Dans le prolongement du troisième niveau du pont du Gard se profile le tunnel du Pouzin, une construction datée de 1865 qui n’appartient pas à l’aqueduc de Nîmes, lequel contourne carrément la colline par la gauche.
Petite histoire – Ce tunnel appartient à un tronçon d’aqueduc dont la première pierre a été posée en présence d’une foule enthousiaste suivie d’un grand banquet de 700 couverts, le mardi 26 mai 1863, au pont du Gard, en l’honneur du projet et du richissime spiripontain François Bravay qui le cautionnait, à raison de 700 000 francs, alors qu’il sollicitait les suffrages des Gardois pour les élections législatives auxquelles il se présentait quatre jours plus tard. Election qu’il gagna brillamment : 13 116 voix contre 8 840 à Chabanon, maire d’Uzès, promoteur des jets d’eau et des fontaines dans sa ville. Election invalidée une première fois le 28 novembre 1863, Bravay se représenta le 18 janvier 1864, il fut réélu par 17 130 voix, puis invalidé une seconde fois. Persévérant, il se présenta une troisième fois le 29 mai 1864 et fut élu 14 721 suffrages contre 6 243 à Chabanon qui cessa le combat. Le projet démarra mais fut rapidement abandonné : une historie de « grands travaux » déclaré d’utilité publique pour de bonnes raisons, mais dévoyé au profit d’un riche politicien dont on flattait l’égo, aux frais des contribuables.
Le tunnel du Pouzin fait partie des balbutiements de ce projet, tout comme quelques tranchées creusées sur les territoires des communes de Lédenon et de Bezouce et les galeries à Saint-Gervasy, à la Ponche, à Marguerittes. Selon des notes relevées à la page 457 de l’ouvrage L’aqueduc de Nîmes et le pont du Gard écrit par un collectif d’auteurs sous la direction de Guilhem Fabre, Jean-Luc Fiches et Jean-Louis Paillet, » le 28 février [1866], un rapport de l’ingénieur en chef des travaux du canal au niveau du pont du Gard annonce la diminution du nombre des ouvriers et les précisions suivantes concernant les travaux :
longueurs des parties achevées : 4 561,85 m ; longueur des parties ébauchées : 5 554,00 m ; longueur des souterrains en galerie : 384,87 m. Le 12 mars, tous les chantiers établis et entrepris sur Nîmes, Larcy, Saint-Gervasy, Bez et Lédenon sont abandonnés ». En clair, trois ans après le début des travaux fixés à 6 ans, moins de 10% du terrassement avait été entrepris.

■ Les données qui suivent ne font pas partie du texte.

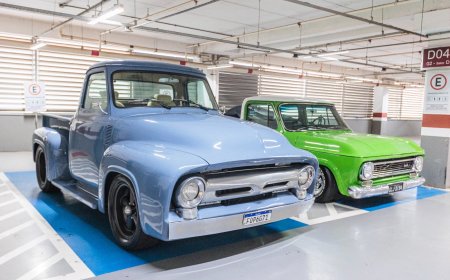 Carros antigos, atrações interativas e lazer marcam o feriado no RibeirãoShopping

Il restait le plus difficile : creuser des tunnels dans les bois de Malmont, élargir l’aqueduc romain sur lequel on voulait s’appuyer, percer la colline entre le pont du Gard et Sernhac, terminer les fouilles au-delà de Marguerittes, équiper l’ensemble d’un tuyau de 2,8 mètres de diamètre du Pouzin jusqu’à Nîmes ( 102 km), élargit l’aqueduc romain et la canalisation du pont du Gard d’autant, insérer la machinerie nécessaire au bon écoulement de l’eau.
Le projet de la Compagnie du Midi abandonné, la municipalité de Nîmes retiendra celui d’Aristide Dumont qui amènera l’eau de Comps (au confluent du Rhône et du Gardon) jusqu’à Nîmes selon des techniques modernes : propulser l’eau sous pression dans des tuyaux étanches à l’aide de machines « à feu » ( à vapeur ). Commencé fin 1868, le projet de Dumont fut opérationnel deux ans après ; l’eau du Rhône coulait à Nîmes le 6 novembre 1872. Ce conduit fut repris et amélioré en 1908 : on augmenta le nombre des puisards, on les creusa plus profondément jusqu’à 16 m et plus pour obtenir la meilleure eau possible et suffisamment abondante pour inonder les vignes infestées de phylloxéras.